The detectives, with the fine instinct peculiar to their profession, rightly construed the colonel’s action as a hint, and withdrew, and Jim retired to his own hut, and fell asleep while waiting for his partner.

Morning came, but no Tarpaulin; dinner-time arrived, but Jim ate alone, and was rather blue.  He loved a sociable chat, and of late Tarpaulin had been almost his sole companion.

Evening came, but Tarpaulin came not.

Jim couldn’t abide the saloon for a whole evening, so he lit a candle in his own hut, and attempted to read.

Tarpaulin was a lover of newspapers—­it seemed to Jim he received more papers than all the remaining miners put together.

Jim thought he would read some of these same papers, and unrolled Tarpaulin’s blankets to find them, when out fell a picture-case, opening as it fell.  Jim was about to close it again, when he suddenly started, and exclaimed: 

“Millicent Botayne!”

He held it under the light, and examined it closely.

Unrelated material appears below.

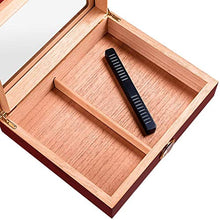 SMEJS Handmade Cigar Humidor, Cedar Cigar Desktop Box con umidificatore e igrometro, Piano in Vetro for 35 sigari (Color : A)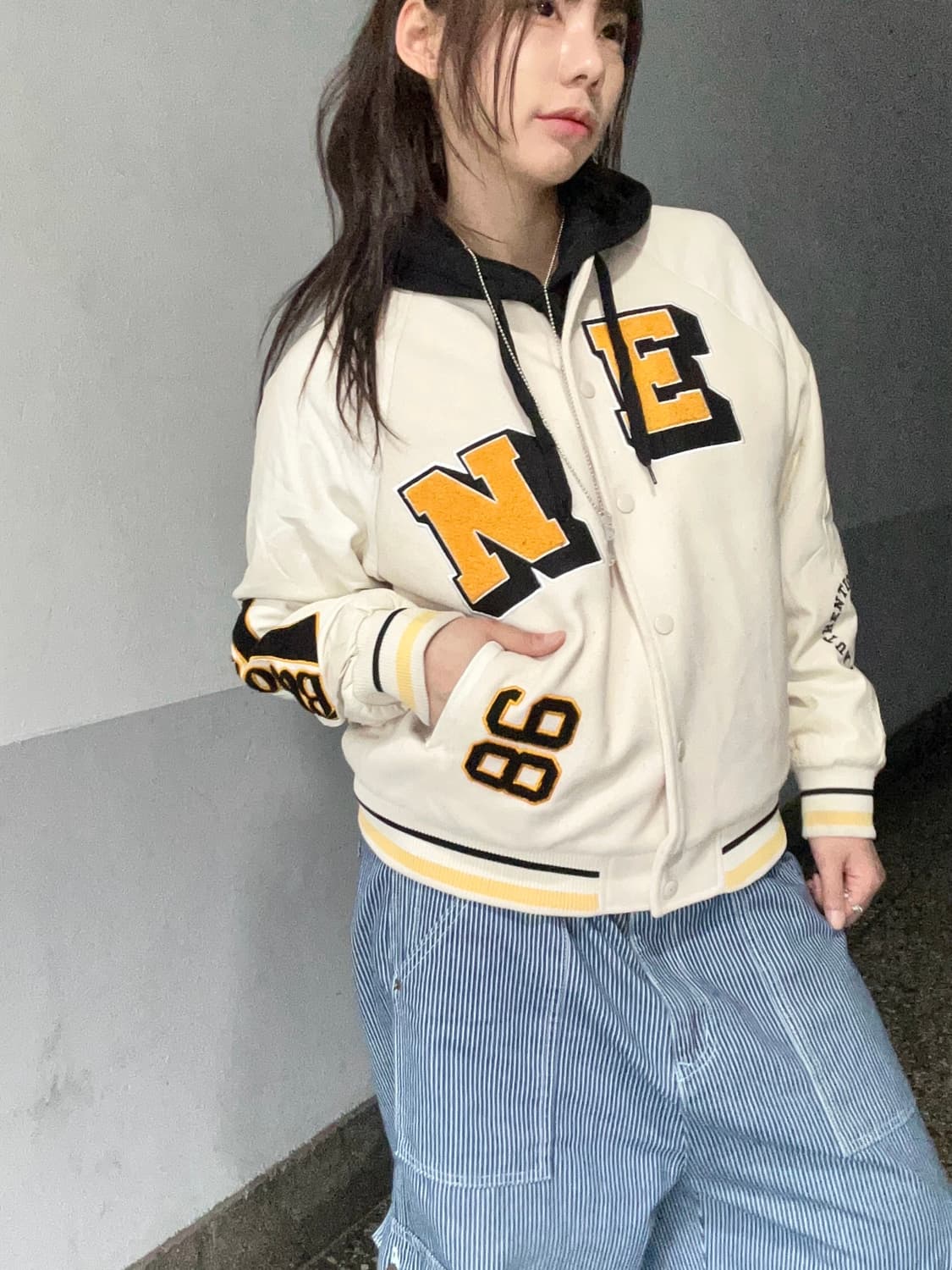 90s 올드스쿨 코지크림 레더 바시티 jk 상품이미지3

There could be no doubt as to identity—­there were the same exquisite features which, a few months before, had opened to Jim Hockson a new world of beauty, and had then, with a sweet yet sad smile, knocked down all his fair castles, and destroyed all his exquisite pictures.

Strange that it should appear to him now, and so unexpectedly, but stranger did it seem to Jim that on the opposite side of the case should be a portrait which was a duplicate of the one shown by the detectives!

“That rascal Brown!” exclaimed Jim.  “So he succeeded in getting her, did he?  But I shouldn’t call him names; he had as much right to make love to her as I. God grant he may make her happy!  And he is probably a very fine fellow—­must be, by his looks.”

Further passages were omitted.